But this particular group of seniors—Mark Caster, Mullin, Liam Thompson, and Cooper Sullivan—take with them something deeper. At Wabash, we call it brotherhood, and it’s a connection that can’t be quantified. It goes deeper than wins and losses for as long as life shall last.
“I know I made the right choice to come here,” said Thompson, the record-setting quarterback from Indianapolis. “These guys are my brothers for life. Football doesn't build character, it reveals it. It’s a credit to be at this place, to play football here, to live here for the past four and a half years and have these relationships for the rest my life.”
Even before walking off the field for the last time Mullin was struck by the opportunity delivered to him through the Wabash football experience.
“It's an institution where you grow, you come in as a boy and you become a man,” said the Academic All-American from Indianapolis. “I came here with the promise of a top-tier education and play football, too. These four and a half years went by so fast. I wouldn't have it any other way.”
In the shadow of the late afternoon sun, Sullivan, a wide receiver from Jacksonville, Florida, thought about Thompson, his quarterback and the accomplishments they posted together. Thompson finished his career with 20 school and conference passing and total offense records and is a finalist for the National Football Foundation’s William V. Campbell Trophy, given annually to college football’s top scholar-athlete.
“He and I have been with each other through the ups and the downs and I couldn't be more proud of what he's accomplished here,” said Sullivan, who finished his career as Wabash’s career leader in receiving yardage. “Not only as an athlete, but as a student as well. It speaks volumes to his character and I couldn't be happier to have him as a friend and say some day he'll be the best man at my wedding.”

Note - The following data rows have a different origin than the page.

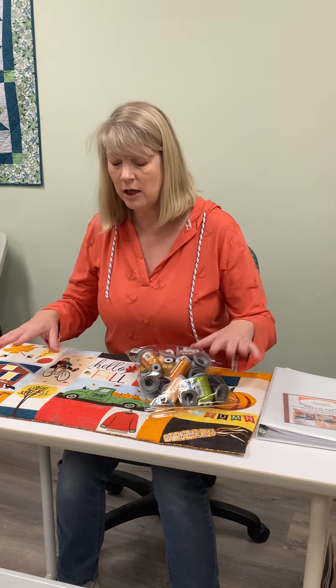Thank you very much for watching. It's Hello Fall from Lori Kent Designs. You can make a bench pillow, or any other thing to make part of a quilt, or something else, or even make two pillows.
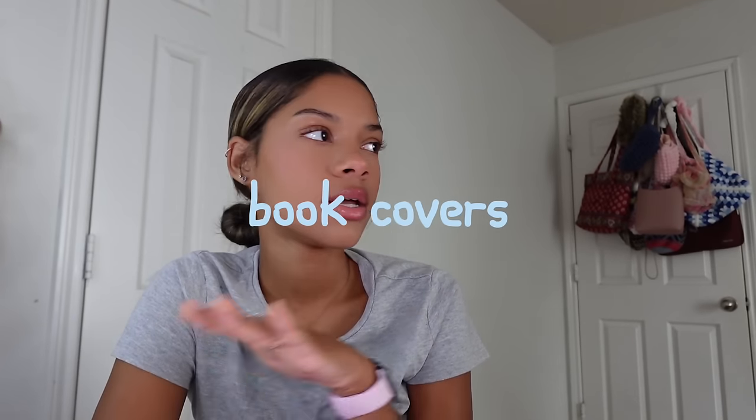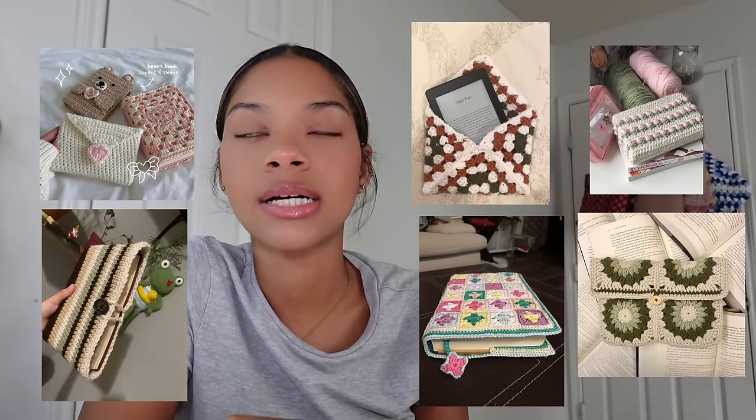Next, let's get into book covers. I've made a bunch — mostly tulip ones — but I'm interested in making granny square, heart, and striped ones too. Book covers are so crucial if you're a reader and don't want your book getting messed up or wet in your backpack. I've saved so many books with them and I always get compliments — people ask where I got it. If you read a Kindle instead, you can make a Kindle holder the same way.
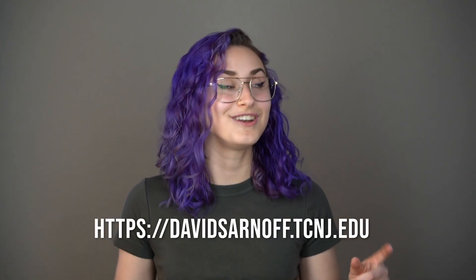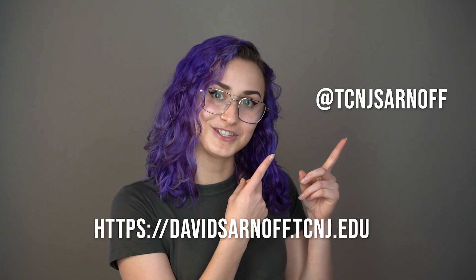If you liked any of the information you just heard, or you want to learn more, you can go to our website or our Instagram. And my favorite — you can come and visit us in person at the Sarnoff Collection in Ewing, New Jersey. We're open on Wednesdays from 1 to 5 and Sundays from 1 to 3. Have a good day!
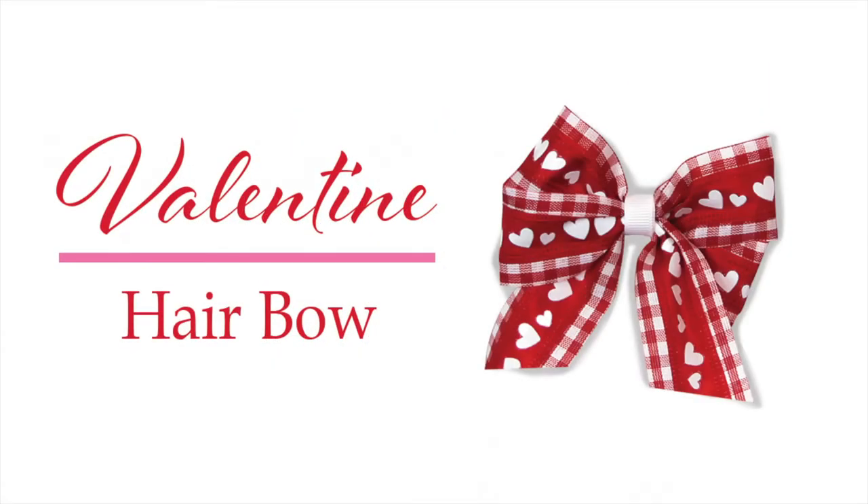Hi guys, Afre here with another BowGenius project. Today we're making a four loop tails down hair bow.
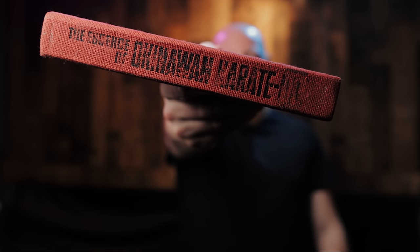This week we're talking books again. More insight from the Okinawan masters, in this case Shoshin Nagamine, and his book, The Essence of Okinawan Karate-Do.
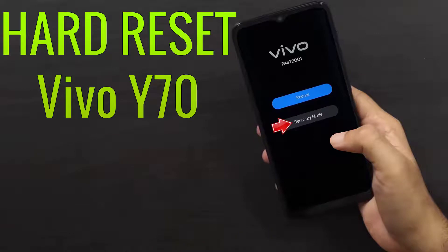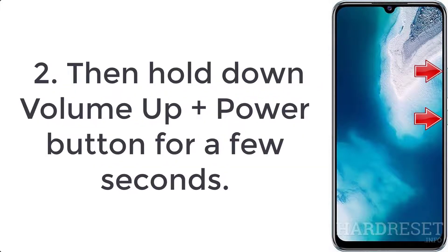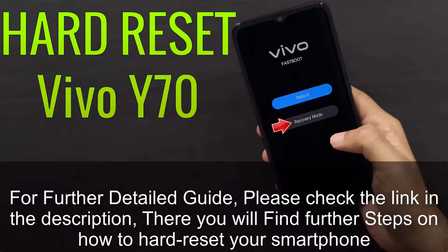How to hard reset Vivo Y70. Step 1: Press the power button for a couple of seconds to turn off your smartphone. Step 2: Hold down volume up plus power button for a few seconds. Step 3: When fast boot mode appears, release all keys. For a further detailed guide, please check the link in the description — there you will find further steps on how to hard reset your smartphone.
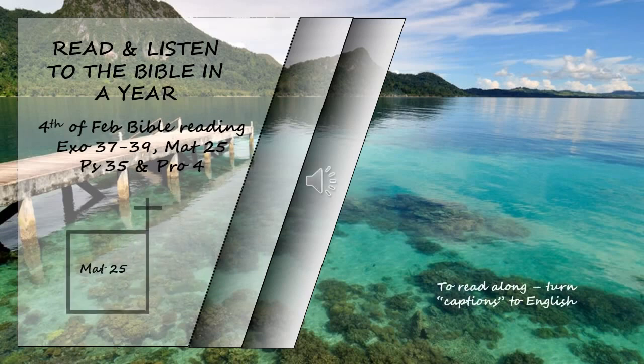Matthew chapter 25. At that time the kingdom of heaven will be like ten virgins who took their lamps and went out to meet the bridegroom. Five of them were foolish and five were wise. The foolish ones took their lamps but did not take any oil with them. The wise ones, however, took oil in jars along with their lamps. The bridegroom was a long time in coming, and they all became drowsy and fell asleep. At midnight the cry rang out: 'Here's the bridegroom! Come out to meet him!' Then all the virgins woke up and trimmed their lamps. The foolish ones said to the wise, 'Give us some of your oil; our lamps are going out.' 'No,' they replied, 'there may not be enough for both us and you. Instead, go to those who sell oil and buy some for yourselves.'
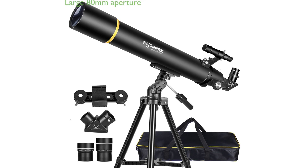The 80mm Aperture Refractor Telescope, Model XX, is designed for both adults and beginners in astronomy, offering a professional experience with its large 80mm aperture and fully coated green optics glass lens, which ensures bright and clear images by capturing more light and reducing light reflection.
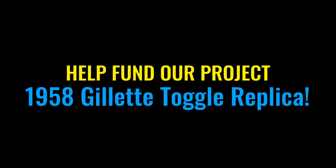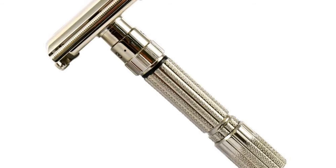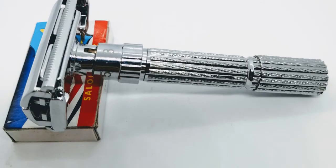Last year, we remade a 1959 Fatboy to great acclaim and great success, with over 1200 people helping to fund the project. Our backers were very pleased with our Replica Fatboys and were happy that they helped fund our Replica Razor.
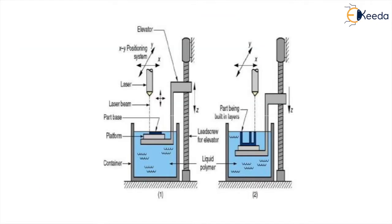Looking at this diagram, you can see the container in which the liquid polymer is held. There is an elevator on which the part or prototype is produced, and this elevator moves on a lead screw. There is a laser from where the UV light is incident on the resin.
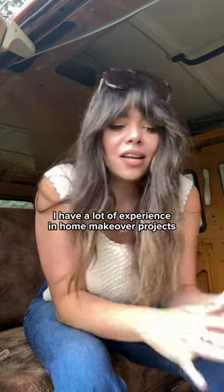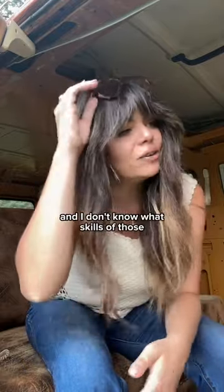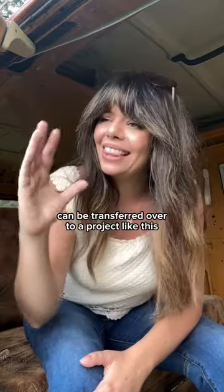A little backstory about me: I have a lot of experience in home makeover projects, DIYs, and renovations, and I don't know what skills of those can be transferred over to a project like this.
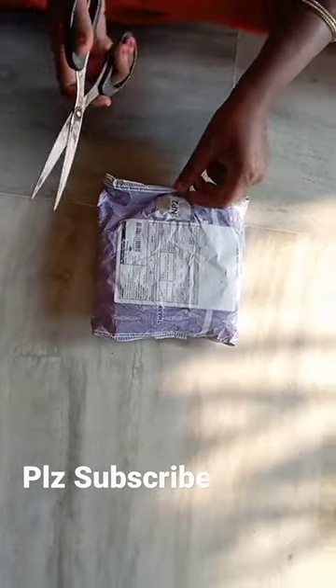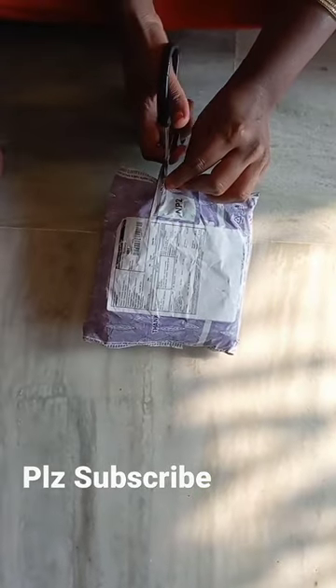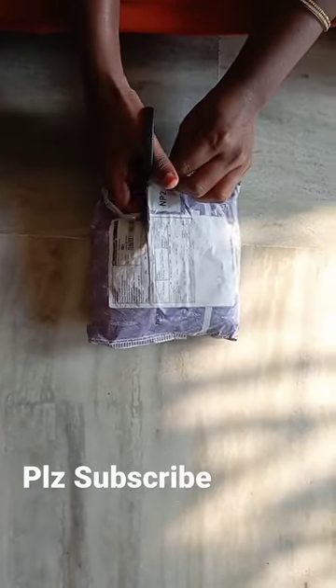Hello everyone! It's my recipe today. Sorry... I have no more recipe for this recipe. This is the unboxing video.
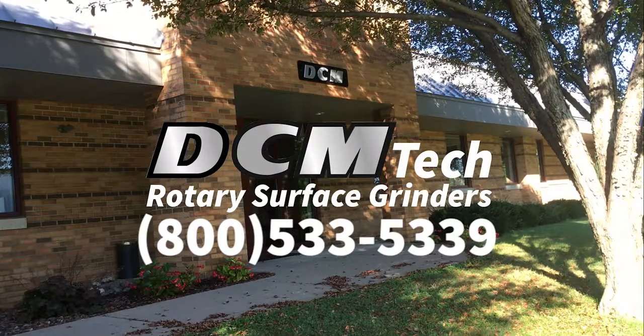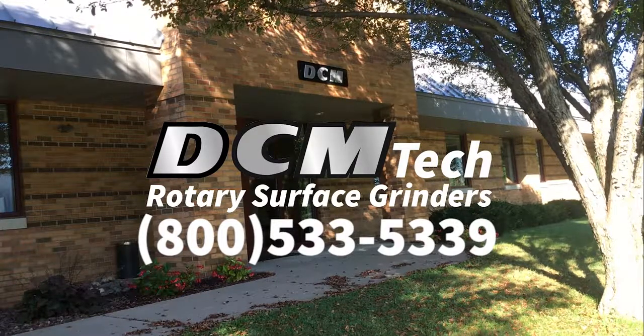Contact DCM to discuss your grinding application now. DCM accepts customer samples for test grinding and welcomes you to the DCM factory in Winona, Minnesota, USA for a factory tour and machine demo. Call 1-800-533-5339 today.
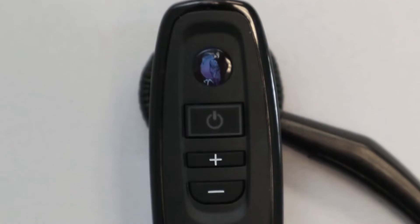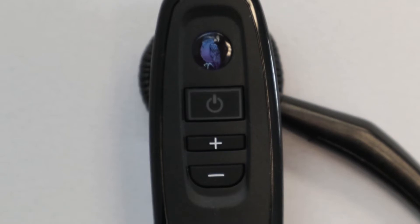The Blue Parrot C400 XT has a charging option at the very top of the headset. It has the Blue Parrot button, the power button, volume up, and volume down.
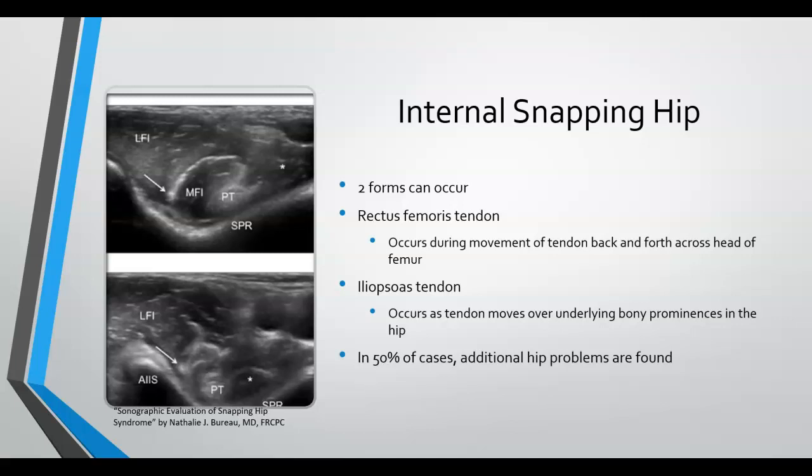Hip problems are found to accompany snapping hip syndrome both internally and externally, but are typically more seen with internal snapping hip. Again, inflammation is what the arrows are pointing to in the image.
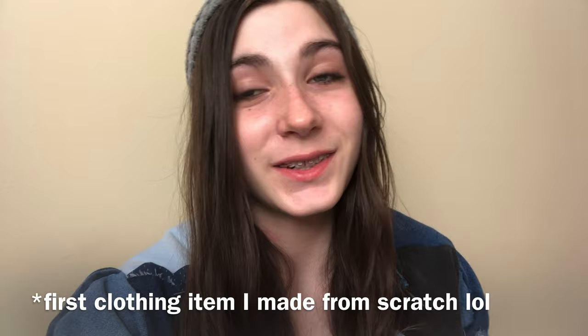Hey guys! Welcome to the video! Today I'm going to show how to make a patchwork denim jacket. Honestly, it was super fun to make, and it was one of the first things I made from scratch, so that's really cool. I did watch a few videos before this — I wanted to mention that — like a few months ago, before I even had a sewing machine, so I've wanted to do this project for a long time.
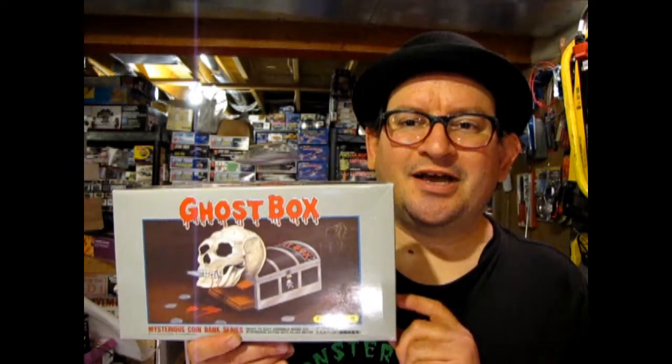Welcome to my basement shop, down below in the dark cellar! When I did my Monster Hobbies What's in the Box episode of the Ghost Box, I got a lot of people requesting for me to actually build one of these to show you how it works and how it operates. Because it is a magical, magical ghost box. It looks like a normal box and when you put a coin on it, the skull head comes out and sucks it back into the box. So let's go down to our bench and start with episode number one.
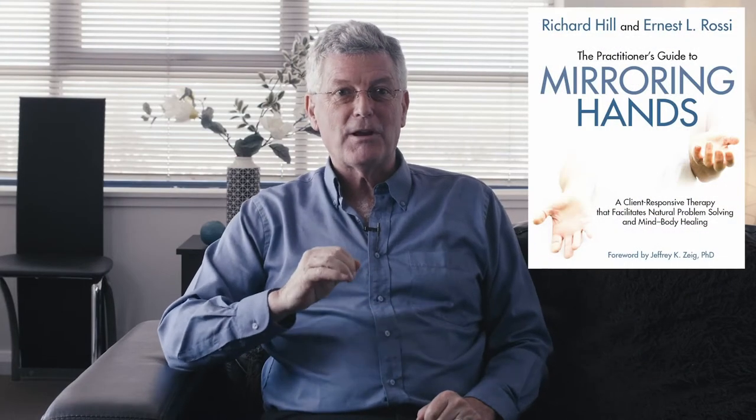It's taken a little while, but I am very excited to announce that we have released our online program, The Foundations of Mirroring Hands for Psychotherapy and Hypnotherapy, based on my work with Ernest Rossi and his work with Milton Erickson, and our book, The Practitioner's Guide to Mirroring Hands.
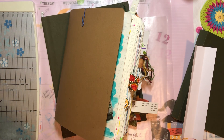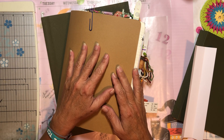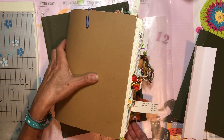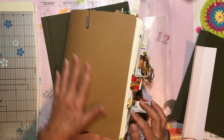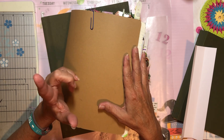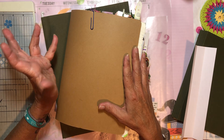Hey there, it's Elizabeth and welcome back to another how-to-make-a-junk-journal video. I hope y'all are doing well. I've kind of been forced — well, not really forced, that's not quite the right word — to make a separate journal for my November and December of 2022.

Mullin had similar sentiments for Caster and the decision they made two years ago to ride this out over a fifth season.
“He’s my buddy,” Mullin said of his fellow offensive lineman. “Mark is hardest worker on this team, really dedicated. I can't say enough about him. He's a great human being who will do what great things in life.”
The collective character of his teammates will impact Sullivan well into the future.
“I am very blessed to be a part of this team, every single one of them, these last four and a half years,” he said. “We really harped this whole week about how we were going to fight because we love one another. As clichéd as it might sound, this truly is a brotherhood and I’m happy to be a part of that.”
As he accepted a handshake from a family member and started his walk to the locker room, he was asked if the experience was worth it.
“Yes,” he said through a faint smile, “a zillion times. I’d do it all over again a zillion times.”